I started on the unit a couple of weeks ago,and my first day with my primary preceptor went fairly smooth. She was patient,answered my questions,and even acknowledged that I wouldn't remember everything right away. However,she left for vacation,and I was placed with another preceptor for the next several days during the interim. This preceptor has been there for many years and is very experienced,and apparently well liked on the unit.

I have to admit,the preceptor has been nothing but polite and nice to me. The first day with this person was ok,although i didnt feel as comfortable as i did with my initial preceptor. I told this person that i wanted to get experience with lines,drips,and vents,since these were all new to me. the next day, the preceptor chose a patient that was very complex,had 7 lines and 9 drips running,was on a vent,had two chest tubes, and was post-op from a complicated surgery. I felt overwhelmed,but figured,I had asked for it,so i might as well jump in and start swimming.

Throughout the day,the preceptor would go over some things,but other questions were waved off. I asked specifics on titrating drips(something I'd never done before) and specifics about vents(ditto). The preceptor just said,"you just know what to look for." I came across a mental block when it came to calculating dosages,and maintenance fluids,and asked for help,but the preceptor was having trouble explaining,or I wasn't catching on ,I dont know. I since seeked help with these from the clinical instructor,and feel better about them.

The next few days,I felt like I was improving,but the preceptor kind of took a backseat and watched me go through the shift completing tasks,from flowsheets to hanging IV meds to speaking with doctors/family members. I'd ask questions,but the preceptor seemed to be getting impatient with me.I'd be in the middle of one task,and the preceptor would jump in and suggest doing something for our other patient.I felt like I wasnt moving fast enough,or that it wasn't prioritizing right,or SOMETHING. I havent received much feedback from this person,other than "you're doing a lot." I asked if I was on track with other orients,and was told,"it's hard to compare-the experiences are different."

Yesterday was the worst-all was going well until we had a procedure at bedside for one of the patients. The preceptor sent me for a medication,and I glanced at the MAR before I got it all,and was certain that I had the right dose. I drew it up,and the doctor stopped me,saying that it looked incorrect. Sure enough,it was. My preceptor gave me a scolding look,and I corrected the mistake,but the rest of the day I kept missing things I had done a thousand times before on my other unit.At report time,again my preceptor sat back and the oncoming nurse kept quizzing me about the exact concentrations of meds and what the vent settings were.
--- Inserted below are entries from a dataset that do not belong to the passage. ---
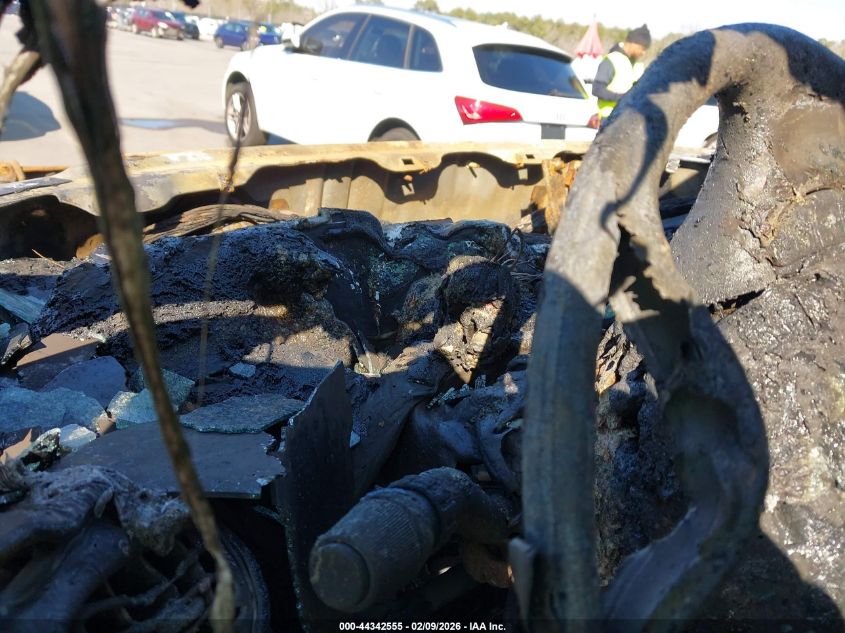 2000 Ford Expedition Xlt VIN: 1FMPU16L3YLB03817 Lot: 44342555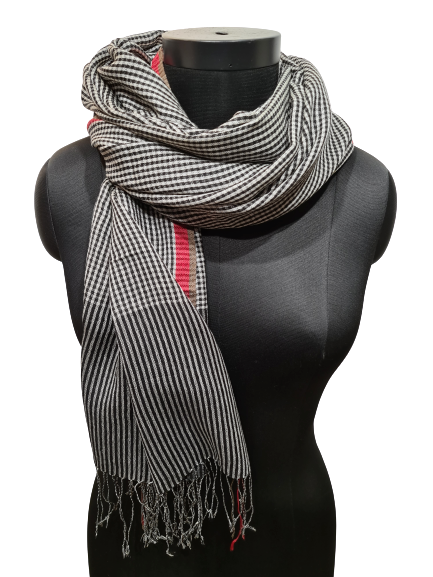 Rutet og stripete sort og hvitt skjerf i cashmere og silke (74)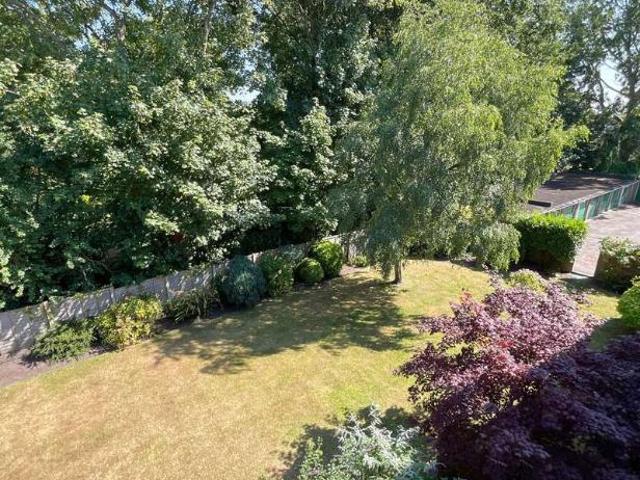 Flat for sale in Southport, Sefton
I was so flustered,i couldnt recall the exact doses correctly,and the vent settings i had to admit I didnt know because I hadnt gone over them yet-when I asked,the preceptor told me before that I would be learning that when I oriented with respiratory. However,at report,the preceptor gave me another look. Afterwards,the preceptor asked me why I had made the medication error and told me that it was a day for me to learn.
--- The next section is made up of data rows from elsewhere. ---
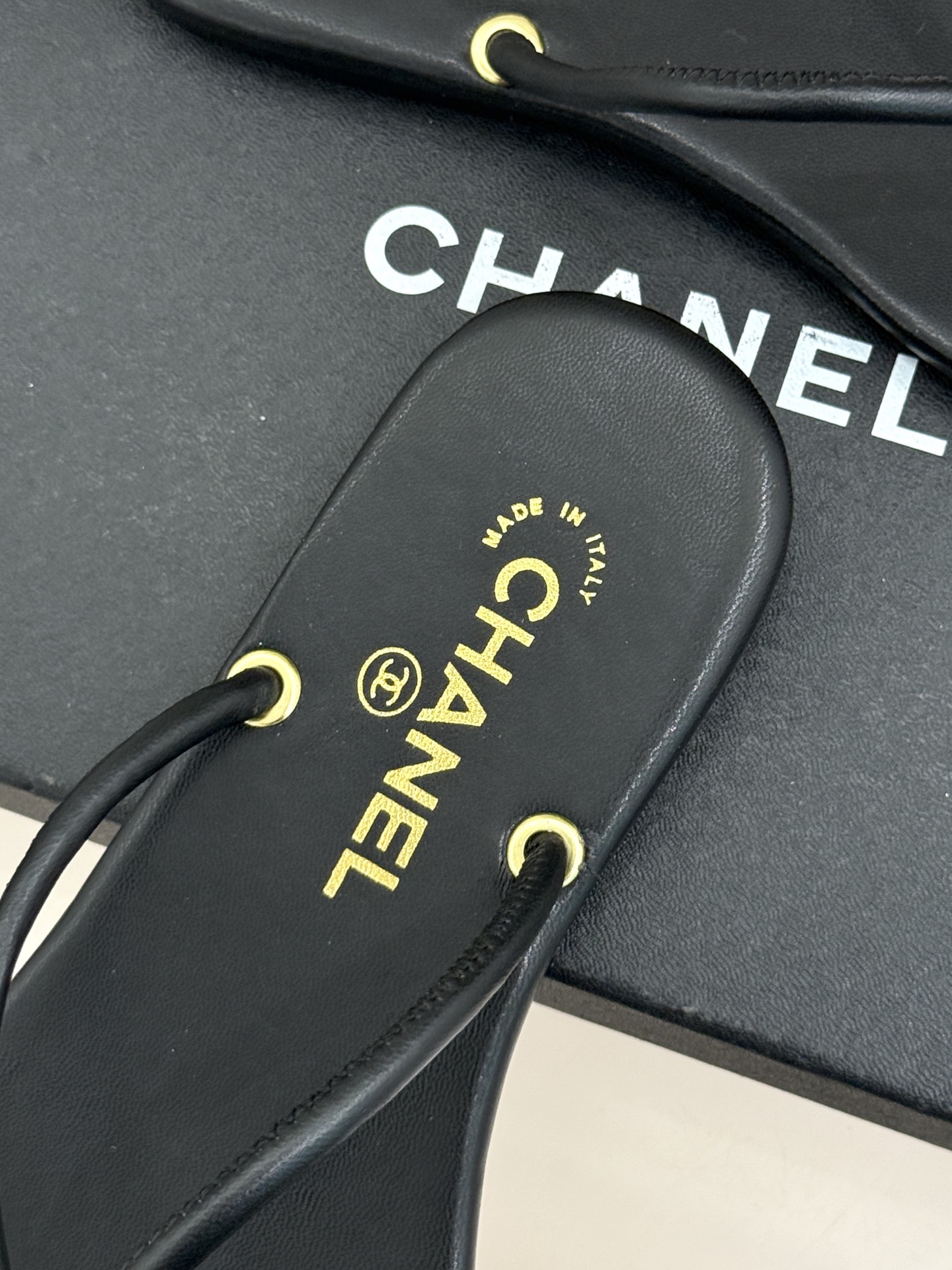 CHANE*｜小香26S双C极简度假风人字拖鞋赴一场海岸与日光的约会以极简笔触 书写度假奢雅新章。利落夹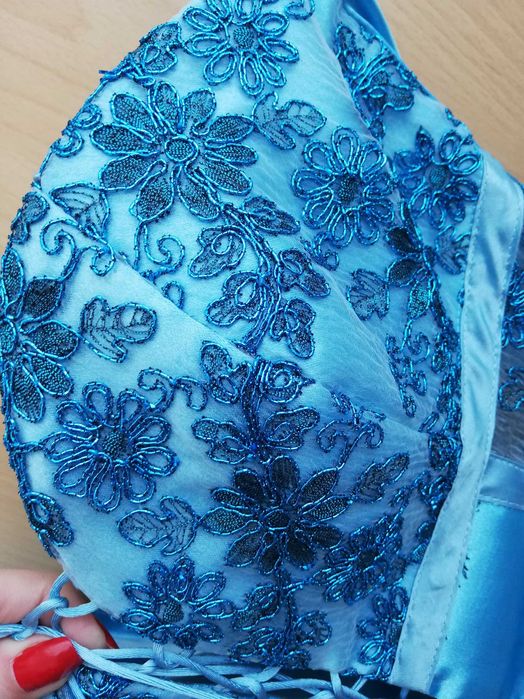 Чисто нова бална рокля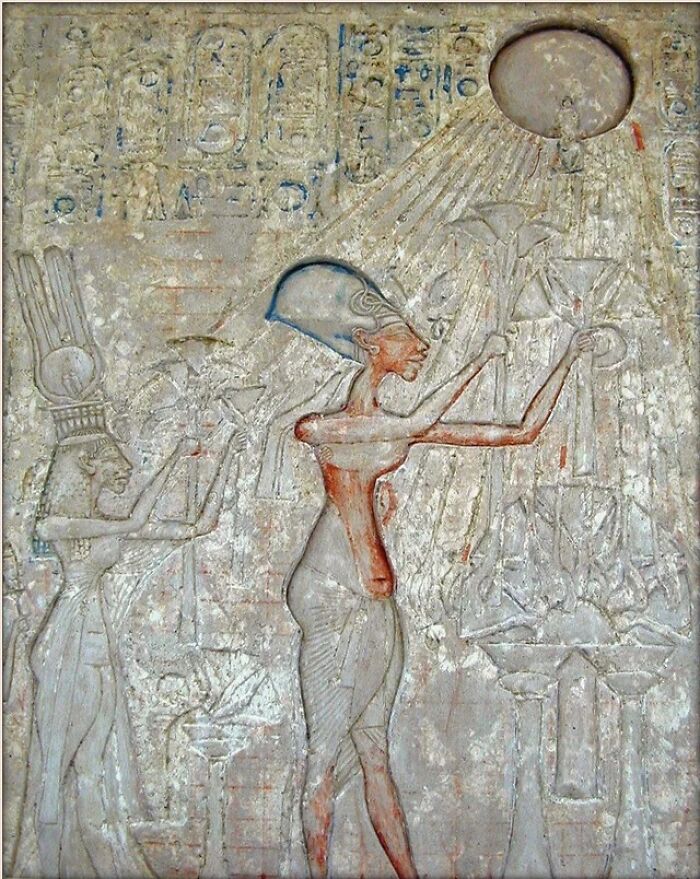 A Limestone Relief Found In Amarna Showing Akhenaten, Nefertiti, And Their Offspring In Worship Of Aten, Dating Back To Approximately 1372-1355 Bc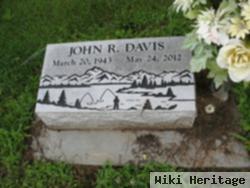 John R "bob" Davis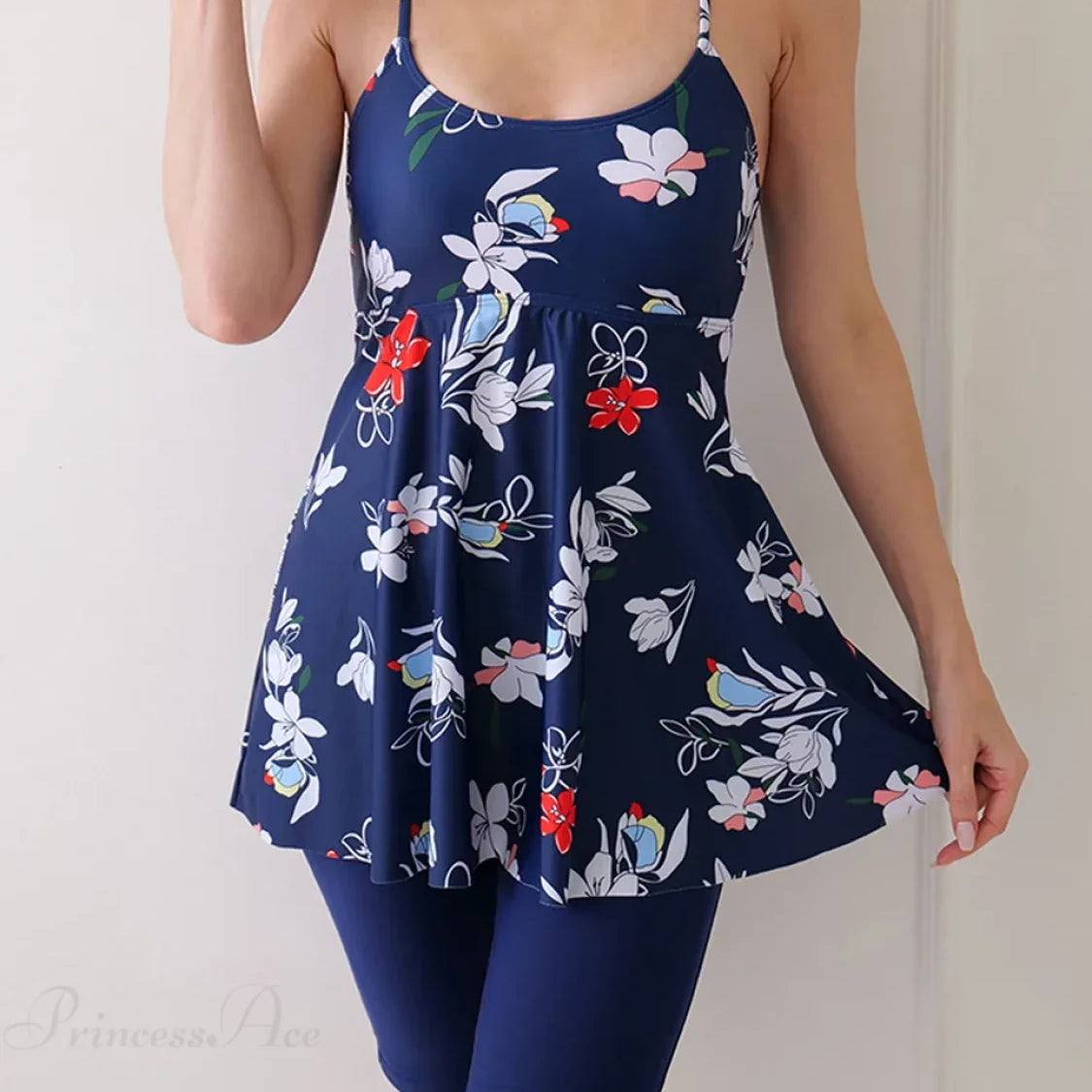 Completo due pezzi tankini con pantaloncini al ginocchio stampati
I left work in tears,and confided in my friends who work in other units. They keep reassuring me,saying it takes time,and that Im putting too much pressure on myself. One friend told me to find resources to learn about drips,meds,and other ICU info and teach myself. This is what prompted me to look on the Internet,and I found this site.
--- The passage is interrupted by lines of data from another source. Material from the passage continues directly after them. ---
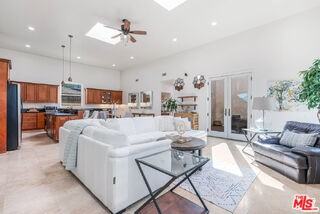 3718 S Barrington Ave - Photo 5 of 8
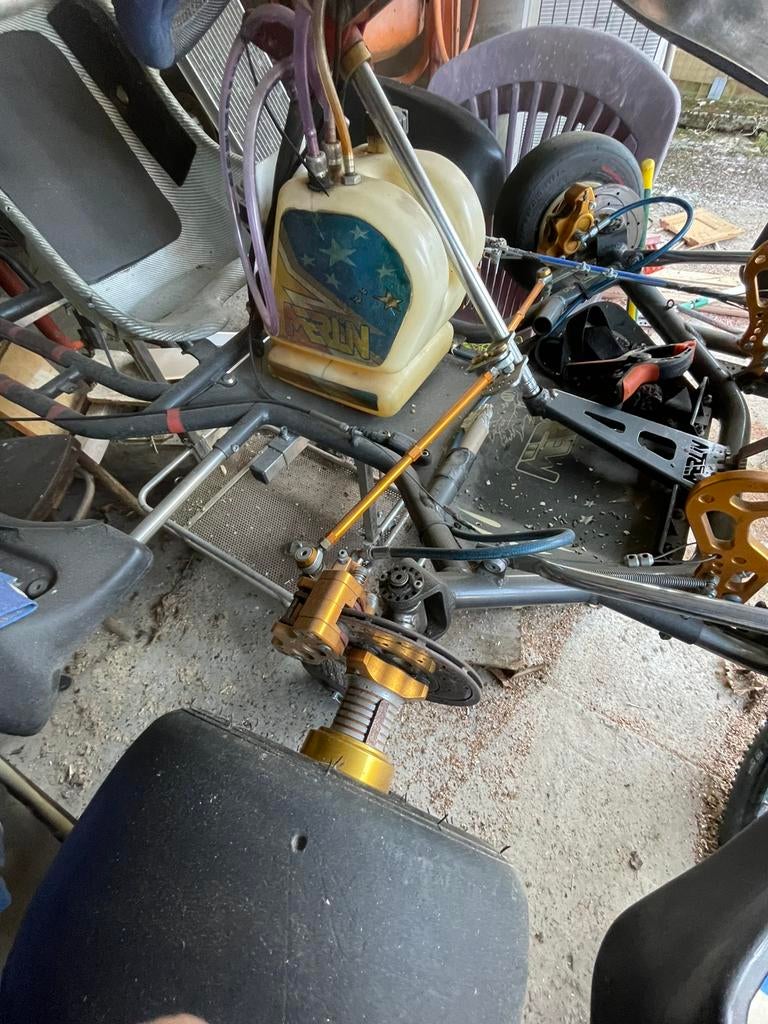 Chasis karting avec frein a disque a l’avant et a l’arrière, Enlèvement, Utilisé, Pièces Kart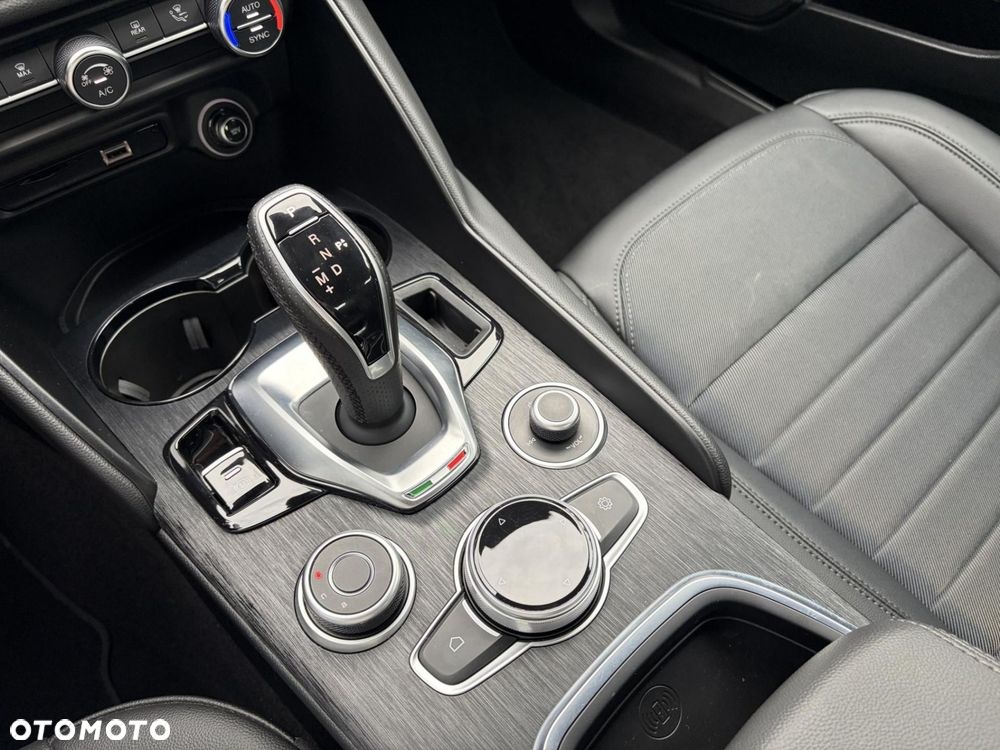 Alfa Romeo Giulia 2.0 Turbo Super Q4 - 22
So,my questions are these-Do I still have a chance at this unit or am I really in over my head? If not,where do I find books or info to help me learn about pediatric ICU nursing? Neither my LPN nor RN program covered this level,and my textbooks dont even review med calculations,let alone nipride drips.

I've wanted this for so long,I dont want to give up now,but I dont know what to do at this point. I hate coming home and crying every night.

Sorry for the length,but if anyone has any advice,I'd greatly appreciate it.

~Overwhelmed RN

You are really being thrown in at the deep end. No new nurse in our PICU would have a patient with all those lines and drips without much better backup. Who is the person in charge of your orientation? I think you should speak to this person about structuring an orientation that moves in a planned manner to cover the topics you need to learn.

It doesn't sound like this preceptor is doing much to help you learn: she may be an excellent nurse but just not suited to orientation because she isn't cut out for teaching. (Like me-that's why I don't orient new nurses.) You should try to get paired with someone who is not quite so experienced. They often are better at orienting because they are closer to the experience and have a better sense of what you need to learn. Those of us who have been doing this forever do so much without consciously thinking about the details and the reasons that it can be hard for us to communicate with people who are just beginning.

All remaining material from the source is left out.